What is the smallest digraph whose reflexive, symmetric, transitive closures (in all combinations) are distinct?

Question

For any given directed graph, we may consider the various closures of it with respect to reflexivity, symmetry, and transitivity, in any combination, like this:

For the particular graph shown above, this process results in eight distinct graphs, including the original graph. This graph is not the smallest instance with this feature, however, since if we delete the source point at right, we will still have eight distinct graphs, like this:

Question. What is the smallest directed graph such that these various closures are all distinct and distinct from the original?

The second example gets it down to five vertices and four edges.

The question arose in a reply of Bryan Bischof to my recent tweet https://twitter.com/JDHamkins/status/1318447368732397569. The first image is drawn from the chapter on Functions and Relations in my book, Proof and the Art of the Mathematics, available from MIT Press: https://mitpress.mit.edu/books/proof-and-art-mathematics.

Answer 1

The $4$-vertex digraph

a ---> b ---> c    d

is the smallest example possible.

To have the reflexive symmetric transitive closure be different from the symmetric transitive closure, we need an isolated vertex. (If a vertex $v$ has an edge to or from it, then in the symmetric transitive closure, we get the edge $v \to v$.) That isolated vertex will make all the reflexive closures different from the non-reflexive ones, but can't help us with anything else.

For the digraph a ---> b ---> c we can check that symmetric, transitive, and symmetric transitive closures are all different. If we want to beat this, we need the same thing to happen on a $2$-vertex digraph.

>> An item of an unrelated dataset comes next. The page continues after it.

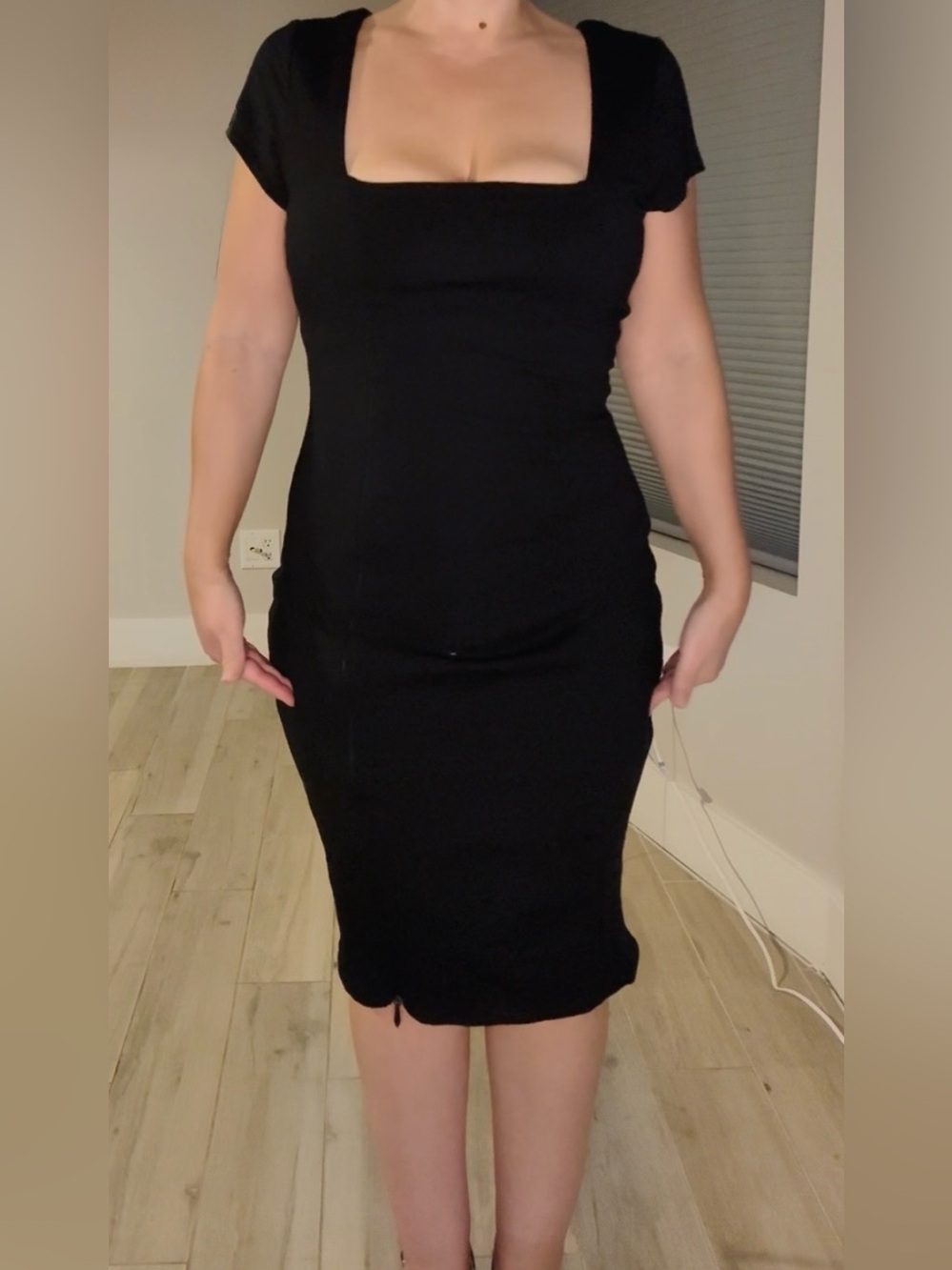 TA3 Squarey Dress in Black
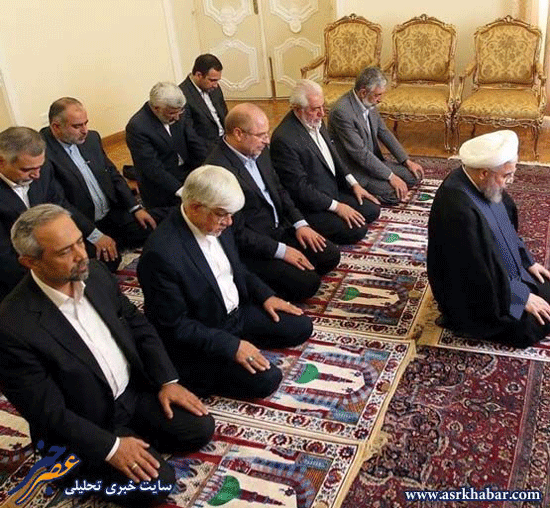 نماز جماعت کاندیداها با امامت حسن روحانی+عکس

If the $2$-vertex digraph has edges $a \to b$ and $b \to a$, then its symmetric closure will not change anything. However, if the $2$-vertex digraph does not have both of those edges, then its transitive closure will not change anything. So either way, we need $3$ vertices.

Answer 2

The graph whose incidence matrix is

0   0   1
0   0   0
0   1   0

has all eight closures distinct. (Or my code has a bug...)

[And given Misha's answer, my code probably has a bug...]

The bug is obvious: the symmetric-transitive closure that Misha and OP were thinking about isn't just the symmetric closure of the transitive closure. You have to apply the two closures alternately until the graph stops changing. D'oh!

But if you interpret "symmetric transitive closure" as the "symmetric closure of the transitive closure" (and similarly for the other terms) then in fact all eight of the named closures are distinct for this graph --- they simply don't account for all possible "closures" (because swapping orders, or repeating things, like STST..., may lead to new ones).